Ooooooooh Man I never seen one of these. It shoots Pez candy?

Now I feel my childhood of the 70s has a missing link...hahahahah

This is turning into a fun to read thread. Love the stories of yesteryear. 
Those were the days!! Beeing a kid was the best :woohoo:

Bob...big kid...zilla


----------



## JordanZ870

I was 7 and my sister 9 as we threw the Jarts straight UP as high as we could make them go. 
Mother trashed them after my father pulled one out of the top of my foot. Here is the irony. 
I was mad at my MOTHER!
I really did LOVE those Jarts.

Whats not to love, hey? They were missiles! They had fins! 
They were pointy and they were made to THROW!


----------



## bobhch

joez870 said:


> I was 7 and my sister 9 as we threw the Jarts straight UP as high as we could make them go.
> Mother trashed them after my father pulled one out of the top of my foot. Here is the irony.
> I was mad at my MOTHER!
> I really did LOVE those Jarts.
> 
> Whats not to love, hey? They were missiles! They had fins!
> They had points and they were made to THROW!


:lol: RAOTFLMAO :lol:

OMG....With a discription of Yard Darts like this hahahhahaha
Maybe they will make a comeback. 

Oh man Joez you crack me up!!

Bob...my Mom makes me so  (but I love her)...zilla


----------



## SplitPoster

Oh man, we had jarts too. Seems like I remember that if you hit the right kind of rocks they'd throw sparks. For some reason they disappeared about the time I was 13 or 14. One day we were laying out glass bottles and jars for targets... I know we found some more jars, but the jarts just vanished. Go figure.


----------



## foxkilo

Ealkin about weapons. do you remember when those Superballs came out in the mid 60s. Before Hong Kong got hold of rhem and threw copies in every size and colour at you. I'm talking about the original gray/green ones straight out from the US of A. Those things were really hard and they could wreck mayhem in your street. Dents in your neighbours car, smashed windows and the lot. I don't know how they were called in the states but over here rhey went under the name of wonder- or superball.

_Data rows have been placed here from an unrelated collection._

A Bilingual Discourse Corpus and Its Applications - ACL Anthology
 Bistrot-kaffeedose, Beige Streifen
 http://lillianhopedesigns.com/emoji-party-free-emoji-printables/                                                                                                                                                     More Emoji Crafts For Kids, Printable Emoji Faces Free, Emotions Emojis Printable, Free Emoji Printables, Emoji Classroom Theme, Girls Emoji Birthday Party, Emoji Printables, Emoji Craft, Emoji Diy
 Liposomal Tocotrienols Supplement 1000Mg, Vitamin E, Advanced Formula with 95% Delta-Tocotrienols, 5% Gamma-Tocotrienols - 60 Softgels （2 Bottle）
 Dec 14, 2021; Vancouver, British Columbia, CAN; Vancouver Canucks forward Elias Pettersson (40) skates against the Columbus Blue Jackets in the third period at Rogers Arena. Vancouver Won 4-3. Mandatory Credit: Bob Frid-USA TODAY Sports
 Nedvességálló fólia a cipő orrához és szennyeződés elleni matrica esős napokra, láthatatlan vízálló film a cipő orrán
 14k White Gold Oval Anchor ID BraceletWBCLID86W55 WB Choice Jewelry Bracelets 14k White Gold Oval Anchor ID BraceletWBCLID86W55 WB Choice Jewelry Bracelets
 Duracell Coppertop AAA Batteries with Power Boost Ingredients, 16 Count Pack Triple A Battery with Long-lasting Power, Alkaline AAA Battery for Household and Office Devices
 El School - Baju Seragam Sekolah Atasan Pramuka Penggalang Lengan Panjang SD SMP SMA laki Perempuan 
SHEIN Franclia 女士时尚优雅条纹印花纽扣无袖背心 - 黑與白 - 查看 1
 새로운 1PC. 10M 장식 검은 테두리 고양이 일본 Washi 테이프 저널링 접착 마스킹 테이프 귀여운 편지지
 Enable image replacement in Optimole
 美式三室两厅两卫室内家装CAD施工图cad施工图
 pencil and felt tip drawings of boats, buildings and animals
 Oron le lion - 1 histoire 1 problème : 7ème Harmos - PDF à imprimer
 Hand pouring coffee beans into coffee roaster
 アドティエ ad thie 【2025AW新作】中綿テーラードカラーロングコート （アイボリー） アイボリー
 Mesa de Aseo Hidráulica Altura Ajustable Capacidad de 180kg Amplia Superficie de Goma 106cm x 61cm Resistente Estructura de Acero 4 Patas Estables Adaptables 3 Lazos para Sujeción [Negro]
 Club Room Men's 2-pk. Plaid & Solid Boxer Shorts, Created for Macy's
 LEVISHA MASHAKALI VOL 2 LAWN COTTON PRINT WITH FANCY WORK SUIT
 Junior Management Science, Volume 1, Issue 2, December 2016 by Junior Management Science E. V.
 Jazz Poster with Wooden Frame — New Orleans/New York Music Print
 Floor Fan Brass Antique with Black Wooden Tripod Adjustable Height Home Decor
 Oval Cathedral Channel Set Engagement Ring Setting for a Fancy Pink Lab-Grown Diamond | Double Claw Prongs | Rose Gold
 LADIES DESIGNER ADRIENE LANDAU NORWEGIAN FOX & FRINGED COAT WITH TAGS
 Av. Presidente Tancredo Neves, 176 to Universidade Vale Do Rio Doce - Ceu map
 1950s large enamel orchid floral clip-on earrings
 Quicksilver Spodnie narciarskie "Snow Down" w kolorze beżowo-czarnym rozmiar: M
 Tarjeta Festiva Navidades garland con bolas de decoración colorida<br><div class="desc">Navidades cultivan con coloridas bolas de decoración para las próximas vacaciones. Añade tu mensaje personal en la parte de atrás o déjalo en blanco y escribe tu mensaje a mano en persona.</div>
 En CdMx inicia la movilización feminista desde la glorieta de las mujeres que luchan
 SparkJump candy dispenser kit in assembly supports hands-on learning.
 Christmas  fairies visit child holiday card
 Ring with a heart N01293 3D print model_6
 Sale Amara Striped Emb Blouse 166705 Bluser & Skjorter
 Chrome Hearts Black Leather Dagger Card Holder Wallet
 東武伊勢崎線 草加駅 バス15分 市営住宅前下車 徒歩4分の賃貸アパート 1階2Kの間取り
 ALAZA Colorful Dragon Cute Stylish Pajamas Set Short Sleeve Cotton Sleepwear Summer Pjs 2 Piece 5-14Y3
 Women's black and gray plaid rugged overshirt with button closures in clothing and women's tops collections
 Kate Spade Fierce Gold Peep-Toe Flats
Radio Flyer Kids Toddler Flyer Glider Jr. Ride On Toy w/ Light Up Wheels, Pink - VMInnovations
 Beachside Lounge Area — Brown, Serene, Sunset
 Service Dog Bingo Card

BTW Bob for a long time you could those PEZ gun only by collecting wrappers and sending to PEZ. Do you know that PEZ is actually an Austrian company.


----------



## TexMexSu

Those guns were great but why not make your own army with Mattels Thingmaker Fighting Men Set?

Nothing like a hot plate for kids to play with.......


----------



## Shadowracer

This may be slightly off topic, but my brother almost burned his bed down with a Lite Brite. 

Anyway...lawn darts. For me, that was something that got trotted out at picnics and stuff. I once launched one and it came down on a kid's shoulder....right in the soft spot between neck and collarbone. Good thing the kid's skin held and it didn't go through, although it was still not pretty. I sorta get why they went the way they did. At least with horseshoes you don't have to throw them way up. 

Those disk shooters are pretty cool. We played army men with those too


----------